Hacía frío, mucho frío, en la Puerta de Brandenburgo, cuando el dúo Gorbachov-Walesa subió al escenario montado para la ocasión y calentó el corazón de los berlineses. El alcalde Wowereit recordó a los que lucharon hasta su último aliento para que Berlín se convirtiese en "una capital abierta y tolerante, orgullosa de su diversidad". Peter Gabriel homenajeó a Bowie y, para terminar, la Staatskapelle, dirigida por Daniel Barenboim, atacó la Oda a la alegría.

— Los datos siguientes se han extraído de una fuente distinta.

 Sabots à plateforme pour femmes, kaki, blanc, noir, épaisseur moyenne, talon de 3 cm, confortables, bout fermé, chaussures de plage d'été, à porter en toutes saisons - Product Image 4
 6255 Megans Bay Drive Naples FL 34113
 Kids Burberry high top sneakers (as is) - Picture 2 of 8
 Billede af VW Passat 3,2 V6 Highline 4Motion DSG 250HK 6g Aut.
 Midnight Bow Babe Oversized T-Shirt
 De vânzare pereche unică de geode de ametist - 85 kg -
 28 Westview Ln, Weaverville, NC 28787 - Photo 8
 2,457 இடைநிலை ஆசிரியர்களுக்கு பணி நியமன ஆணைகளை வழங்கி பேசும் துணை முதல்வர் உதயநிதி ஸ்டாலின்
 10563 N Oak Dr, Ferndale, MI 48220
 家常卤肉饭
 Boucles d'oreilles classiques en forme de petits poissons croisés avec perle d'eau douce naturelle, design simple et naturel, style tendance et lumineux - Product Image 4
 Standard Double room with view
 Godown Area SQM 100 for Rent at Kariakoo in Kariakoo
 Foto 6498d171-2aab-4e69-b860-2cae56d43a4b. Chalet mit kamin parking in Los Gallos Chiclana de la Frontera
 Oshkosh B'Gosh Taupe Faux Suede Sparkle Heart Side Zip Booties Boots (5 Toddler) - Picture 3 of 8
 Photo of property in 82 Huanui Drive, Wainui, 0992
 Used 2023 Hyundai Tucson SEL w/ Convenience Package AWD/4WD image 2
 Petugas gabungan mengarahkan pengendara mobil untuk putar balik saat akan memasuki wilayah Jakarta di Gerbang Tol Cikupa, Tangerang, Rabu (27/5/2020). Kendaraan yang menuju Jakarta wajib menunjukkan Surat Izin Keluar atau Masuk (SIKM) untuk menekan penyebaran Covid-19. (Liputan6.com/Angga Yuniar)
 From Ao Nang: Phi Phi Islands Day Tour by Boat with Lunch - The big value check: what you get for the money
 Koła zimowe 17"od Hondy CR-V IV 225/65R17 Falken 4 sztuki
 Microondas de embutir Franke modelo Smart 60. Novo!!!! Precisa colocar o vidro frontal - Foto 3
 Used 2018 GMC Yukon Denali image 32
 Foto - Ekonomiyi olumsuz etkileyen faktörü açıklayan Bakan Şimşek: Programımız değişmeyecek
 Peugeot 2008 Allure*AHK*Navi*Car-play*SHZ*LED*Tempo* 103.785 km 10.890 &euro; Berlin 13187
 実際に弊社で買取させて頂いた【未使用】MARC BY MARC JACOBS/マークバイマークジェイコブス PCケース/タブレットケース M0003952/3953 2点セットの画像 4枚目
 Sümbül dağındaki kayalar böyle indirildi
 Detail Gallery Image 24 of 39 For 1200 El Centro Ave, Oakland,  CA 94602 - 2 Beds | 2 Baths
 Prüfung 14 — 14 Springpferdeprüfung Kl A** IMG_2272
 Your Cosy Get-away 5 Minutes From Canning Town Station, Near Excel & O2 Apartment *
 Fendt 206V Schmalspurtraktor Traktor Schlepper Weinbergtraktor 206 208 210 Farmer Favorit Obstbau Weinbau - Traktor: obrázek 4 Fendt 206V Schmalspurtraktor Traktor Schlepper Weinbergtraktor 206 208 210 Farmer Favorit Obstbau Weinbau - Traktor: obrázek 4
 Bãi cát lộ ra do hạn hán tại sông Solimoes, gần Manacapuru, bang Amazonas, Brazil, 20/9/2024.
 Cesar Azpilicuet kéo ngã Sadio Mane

Mientras los berlineses celebraban con emoción y un respeto imponente la caída del muro que separó durante veintiocho años a familias y amigos, ese mismo día en un rincón de España había quien, tomando el nombre de la democracia en vano, intentaba levantar otro para fragmentar una nación con quinientos años de historia. De aquellos polvos -la consulta ilegal auspiciada por Artur Más- vienen estos lodos -la mascarada secesionista de Puigdemont-.

Esa noche, en Berlín, cuando el coro entonó los versos de Schiller, el señor que había a mi derecha se echó a llorar. Eran las lágrimas de un hombre decente. Por eso me da tanto asco ver a Junqueras haciendo pucheros.